Strategisch geschulte Menschen tendieren dazu, das Immaterielle als die Ursache zu sehen, weil am Anfang jeder Marke eine Idee steht. Andere wenden ein, die Idee sei der Biomasse eines Gehirns entsprungen. Ob das Sein das Bewusstsein bestimmt oder umgekehrt, ist eine erkenntnistheoretisch unentscheidbare Frage. Starke Persönlichkeiten schaffen mit dem Bewusstsein Veränderungen im Sein. Schwache lassen sich durch das Sein ihr Bewusstsein beschränken. Mit Marken ist das genauso: Starke Marken erzeugen einen Positivkreislauf: In der Geberrolle üben sie Anziehungskraft auf Menschen aus und ziehen damit materielle Ressourcen (Geld) an. Die Anziehungskraft der Marke kann weiter erhöht werden, wenn dieses Geld richtig reinvestiert wird. Was richtig und was falsch ist, erweist sich indes erst im Nachhinein. Die Kompetenz der Markenführung besteht darin, Entscheidungen mit hoher Erfolgswahrscheinlichkeit zu treffen. Schwache Marken üben wenig Anziehungskraft aus und berauben sich gleichsam materiellen Spielraum, um einen überlegenen Nutzen überhaupt schaffen zu können. Es sind aber keinesfalls die finanziellen Mittel allein. Mit viel Mediawerbung sich um einen positiven Kontext für eine geschwächte Marke zu bemühen, ist nicht nur aussichtslos. Der Einsatz von Geld verstärkt sogar noch die negative Energie der Marke. Nur durch eine positive Vision und eine aufrichtige Haltung kann der Positivkreislauf wieder in Gang gesetzt werden.

Kontext vor Media

Zurzeit ist die Profession der Markenführung einer zu starken Fokussierung auf Medien verhaftet. Sie kann von einem Fokuswechsel auf Kontexte profitieren. Wer diesen Fokuswechsel vollzieht, wählt souverän zum gewünschten Markenkontext situativ passende Medien, anstatt auf Medien durch Geschichten einen Sinn kreieren zu wollen, der im ungünstigen Fall von einem übergeordneten Sinnkontext überlagert wird: BP war während des Ölskandals auf positive Berichterstattung in den Massenmedien fixiert. Da es im redaktionellen Teil nur so vor Anti-Stimmung wimmelte, wollte man durch Schaltung von Anzeigen gegenhalten. Schon der große Werber David Ogilvy (1911-1999) wusste: „Good advertising kills a bad product faster.“ Wozu es früher gute Werbung brauchte, das machen die Menschen via Social Media heute ganz von selbst. Stimmungsbilder – positive wie negative – sind sofort medial präsent und verstärken sich.

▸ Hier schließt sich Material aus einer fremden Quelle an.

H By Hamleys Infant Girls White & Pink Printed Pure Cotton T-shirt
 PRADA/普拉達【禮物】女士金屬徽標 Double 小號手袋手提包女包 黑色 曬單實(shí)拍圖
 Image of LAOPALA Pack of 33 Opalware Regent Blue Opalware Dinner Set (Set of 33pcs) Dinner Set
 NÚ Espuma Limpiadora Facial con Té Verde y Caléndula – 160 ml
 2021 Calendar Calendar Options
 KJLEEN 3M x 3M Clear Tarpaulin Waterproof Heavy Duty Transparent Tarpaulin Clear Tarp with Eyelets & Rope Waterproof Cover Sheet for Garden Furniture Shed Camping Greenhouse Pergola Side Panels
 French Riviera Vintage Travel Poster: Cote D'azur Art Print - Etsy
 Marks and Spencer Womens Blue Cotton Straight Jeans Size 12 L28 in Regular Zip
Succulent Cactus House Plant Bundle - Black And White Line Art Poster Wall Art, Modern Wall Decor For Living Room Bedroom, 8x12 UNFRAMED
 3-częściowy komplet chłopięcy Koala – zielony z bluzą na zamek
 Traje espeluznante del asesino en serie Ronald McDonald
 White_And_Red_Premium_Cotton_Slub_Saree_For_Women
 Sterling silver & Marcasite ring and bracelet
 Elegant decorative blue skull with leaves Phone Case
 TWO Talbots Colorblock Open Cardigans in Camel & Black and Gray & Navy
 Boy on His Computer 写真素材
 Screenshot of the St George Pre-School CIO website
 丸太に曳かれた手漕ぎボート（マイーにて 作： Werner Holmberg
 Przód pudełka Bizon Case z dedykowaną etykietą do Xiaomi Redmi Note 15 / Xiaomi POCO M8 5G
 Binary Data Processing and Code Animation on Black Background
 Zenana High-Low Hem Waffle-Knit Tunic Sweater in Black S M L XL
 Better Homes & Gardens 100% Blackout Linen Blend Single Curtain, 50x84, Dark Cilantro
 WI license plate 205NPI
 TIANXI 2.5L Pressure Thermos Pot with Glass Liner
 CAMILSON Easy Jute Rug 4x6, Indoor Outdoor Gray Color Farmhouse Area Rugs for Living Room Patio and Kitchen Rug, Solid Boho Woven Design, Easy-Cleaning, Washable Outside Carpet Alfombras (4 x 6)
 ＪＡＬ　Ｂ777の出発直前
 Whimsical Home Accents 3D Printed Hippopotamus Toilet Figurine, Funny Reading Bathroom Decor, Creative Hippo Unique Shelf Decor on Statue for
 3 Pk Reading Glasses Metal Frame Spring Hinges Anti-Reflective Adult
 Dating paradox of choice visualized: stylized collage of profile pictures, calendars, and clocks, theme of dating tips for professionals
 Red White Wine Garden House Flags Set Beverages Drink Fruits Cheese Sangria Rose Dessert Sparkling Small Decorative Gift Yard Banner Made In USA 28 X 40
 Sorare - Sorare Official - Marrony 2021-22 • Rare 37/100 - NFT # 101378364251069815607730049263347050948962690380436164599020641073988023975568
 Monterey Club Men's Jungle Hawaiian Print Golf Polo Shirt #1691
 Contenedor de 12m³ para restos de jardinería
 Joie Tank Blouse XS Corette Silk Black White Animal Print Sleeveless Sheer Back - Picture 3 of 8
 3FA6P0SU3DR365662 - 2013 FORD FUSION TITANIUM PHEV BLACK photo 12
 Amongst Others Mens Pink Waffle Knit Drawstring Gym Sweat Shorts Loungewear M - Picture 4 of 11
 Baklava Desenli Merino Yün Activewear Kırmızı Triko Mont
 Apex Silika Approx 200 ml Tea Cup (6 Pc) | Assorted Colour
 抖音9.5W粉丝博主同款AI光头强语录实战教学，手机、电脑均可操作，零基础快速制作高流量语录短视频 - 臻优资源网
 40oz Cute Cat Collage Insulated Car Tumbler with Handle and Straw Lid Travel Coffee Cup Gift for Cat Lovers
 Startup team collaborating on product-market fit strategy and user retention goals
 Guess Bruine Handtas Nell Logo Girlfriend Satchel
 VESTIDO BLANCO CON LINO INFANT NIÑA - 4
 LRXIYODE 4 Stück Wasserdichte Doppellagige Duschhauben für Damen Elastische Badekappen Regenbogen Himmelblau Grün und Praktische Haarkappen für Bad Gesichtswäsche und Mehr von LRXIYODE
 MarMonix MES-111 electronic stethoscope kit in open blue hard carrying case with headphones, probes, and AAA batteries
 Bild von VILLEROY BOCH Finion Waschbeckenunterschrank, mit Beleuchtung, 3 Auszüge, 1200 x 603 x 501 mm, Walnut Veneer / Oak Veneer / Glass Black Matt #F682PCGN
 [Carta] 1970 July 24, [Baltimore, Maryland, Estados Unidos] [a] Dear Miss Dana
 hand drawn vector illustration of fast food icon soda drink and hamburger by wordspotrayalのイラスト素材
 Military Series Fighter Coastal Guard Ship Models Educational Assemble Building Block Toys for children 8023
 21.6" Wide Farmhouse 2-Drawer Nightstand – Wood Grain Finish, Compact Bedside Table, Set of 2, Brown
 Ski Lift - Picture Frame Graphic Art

Es wird höchste Zeit, sich auf den Geist der Marke zu besinnen. Der Geist lässt sich aus den Sinnzusammenhängen der Marke verstehen. Manche nennen es den „Markenkern“, obwohl dieses Bild für viele irreführend ist, weil sie sich einen materiellen Kern vorzustellen versuchen. Finden Sie für sich selbst heraus, auf welchem Weg Sie zum Bewusstsein vom Geist Ihrer Marke kommen. Richtig ist allein, was Ihnen hilft, dieses Verständnis zu gewinnen.